原則65歳よりもらえる老齢年金ですが、65歳よりも前に、もっと早く年金がもらえたらいいなぁ・・・という方はいらっしゃいませんか。

今回は、65歳よりも早く年金をもらう方法についてお伝えします。

※動画でご覧になりたい方は上記の『FPパパちゃんねる』よりどうぞ。

実は、老齢年金は希望すれば60歳から65歳になるまでの間に、繰り上げて受け取ることができるのはご存知でしょうか。

これを年金の「繰上げ」受給と言います。

この仕組みを使えば、60歳以降、自分の希望する時から年金が受け取れます。

年金繰上げ3つのポイント

1つ目は、60歳以降65歳までの間で、請求をすると、請求をした翌月分から年金が支給されます。

2つ目は、繰上げ受給の請求をした時点に応じて年金が減額され、その減額された年金は一生続きます。

3つ目は、原則として老齢基礎年金と老齢厚生年金は同時に繰上げ請求をする必要があります。会社員や公務員だった方は基礎年金と厚生年金の両方がもらえますから、原則同時に繰上げ請求というのは押さえておいてください。

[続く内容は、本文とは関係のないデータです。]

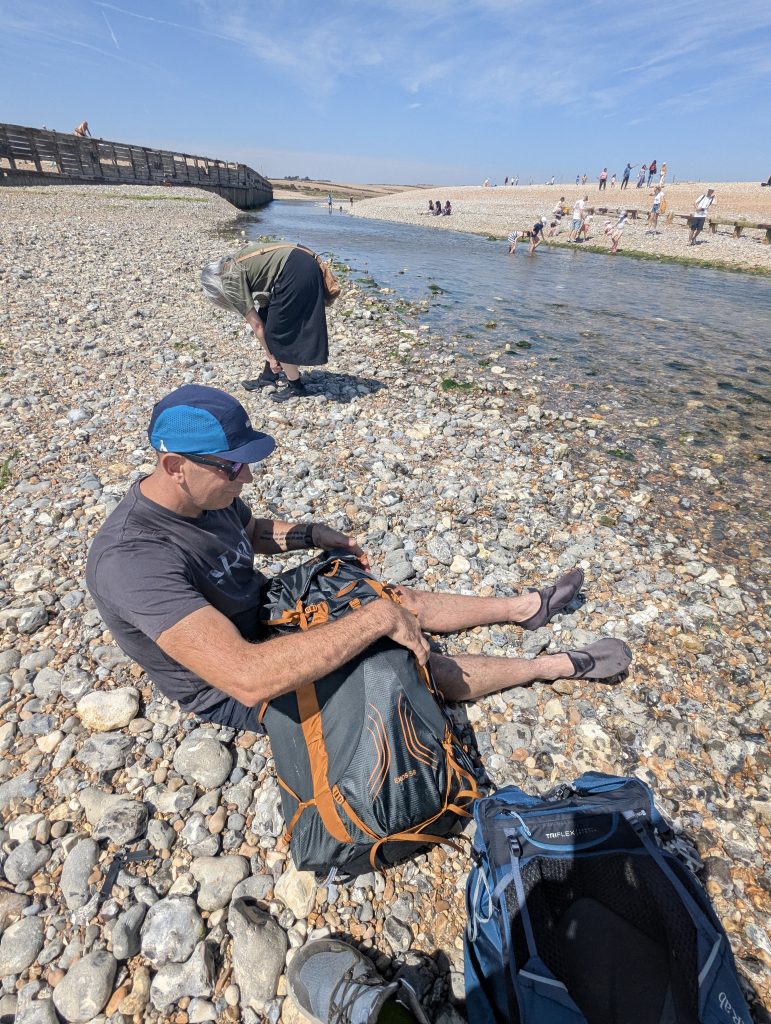 Hiker Terry sitting on the shingle beach at Cuckmere Haven adjusting his Osprey Exos rucksack and water shoes next to the river mouth.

なお、以前のコラムでお伝えした年金の繰下げ(リンク有)は65歳以降に年金を増やしてもらう方法でした。この年金繰下げは老齢基礎年金と老齢厚生年金は同時でもどちらか一方でもできましたね。

どれぐらい減額されるのか

話を「繰上げ受給」に戻しますが、早く年金をもらい始めると年金額が減るわけですが、どれぐらい減るのかというのは気になるところです。

令和4年(2022年)4月に法改正があったのですが、それまでは1カ月繰り上げ受給をするごとに0.5%年金が減額されました。最大は60歳まで繰上げの5年間ですから、0.5%×5年(60月)で30%の減額でした。

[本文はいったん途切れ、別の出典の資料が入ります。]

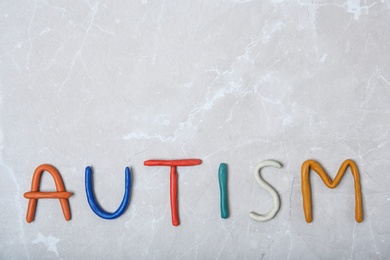 Photo of Word AUTISM made of plasticine on light background, top view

令和4年4月の法改正で減額率が繰上げ1カ月当たり0.4%となり、最大の5年間は変わりませんので、0.4%×5年(60月)で24%となりました。

なお、この令和4年4月改正で減額率が変わりましたが、これは請求が令和4年4月より前か後かで変わるのではなく、生年月日で変わります。

昭和37年4月1日以前生まれの方は減額率が1カ月繰上げ当たり0.5%となります。

昭和37年4月2日以降生まれの方は改正後の減額率が適用され、1カ月繰上げ当たり0.4%となります。

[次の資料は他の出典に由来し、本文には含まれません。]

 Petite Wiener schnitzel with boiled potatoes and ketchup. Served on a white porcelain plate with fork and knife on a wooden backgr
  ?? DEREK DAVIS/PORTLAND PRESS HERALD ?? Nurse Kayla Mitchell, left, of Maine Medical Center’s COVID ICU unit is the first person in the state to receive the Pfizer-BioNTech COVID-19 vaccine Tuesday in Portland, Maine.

昭和37年生まれというと、ちょうどこの法改正があった令和4年に60歳になれる方で、減額率が変わるということになりますね。

なお、ご相談の現場では、生年月日により減額率の違いはあるものの、繰上げ受給をすると実際どれぐらい年金が減って、繰上げするのとしないとのどちらがお得かという質問が多いです。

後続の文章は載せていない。